** AIM OF THE TASK **
Set down the data below word for word, and leave the images aside.

** DATA BLOCK **

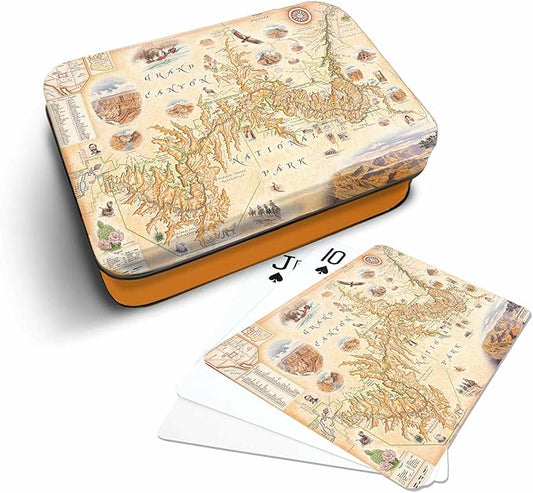 Grand Canyon National Park Map Standard 52-Deck Playing Cards - Official Vegas Poker Size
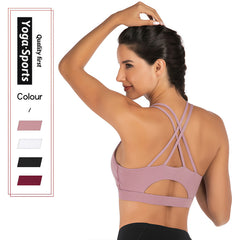 Crisscross Back Sports Bra - Medium Support Open Back Workout Crop Top for Yoga & Gym
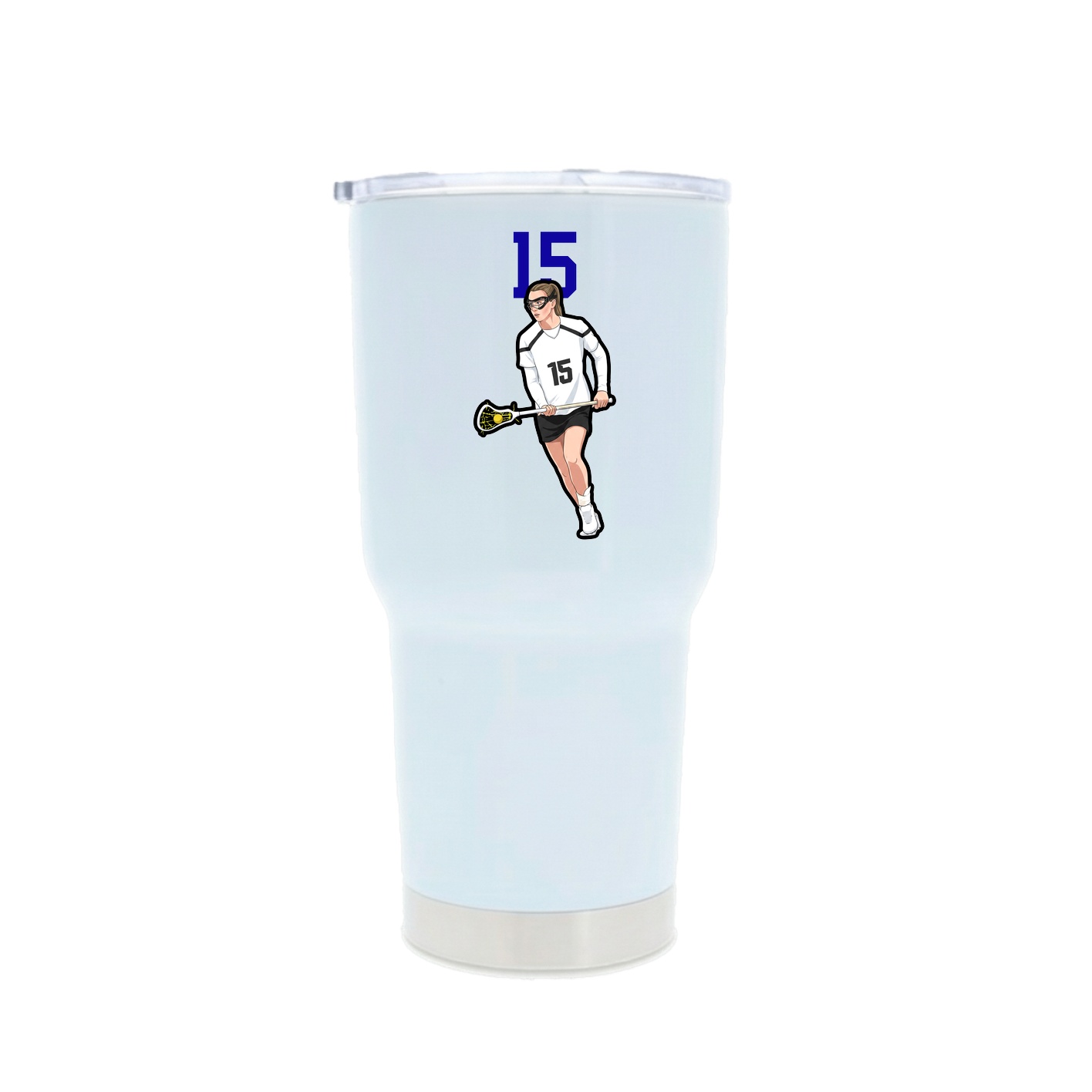 30oz Stainless Steel Tumbler — Number Top in White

** COMPLETED EXERCISE **
 Grand Canyon National Park Map Standard 52-Deck Playing Cards - Official Vegas Poker Size
 Crisscross Back Sports Bra - Medium Support Open Back Workout Crop Top for Yoga & Gym
 30oz Stainless Steel Tumbler — Number Top in White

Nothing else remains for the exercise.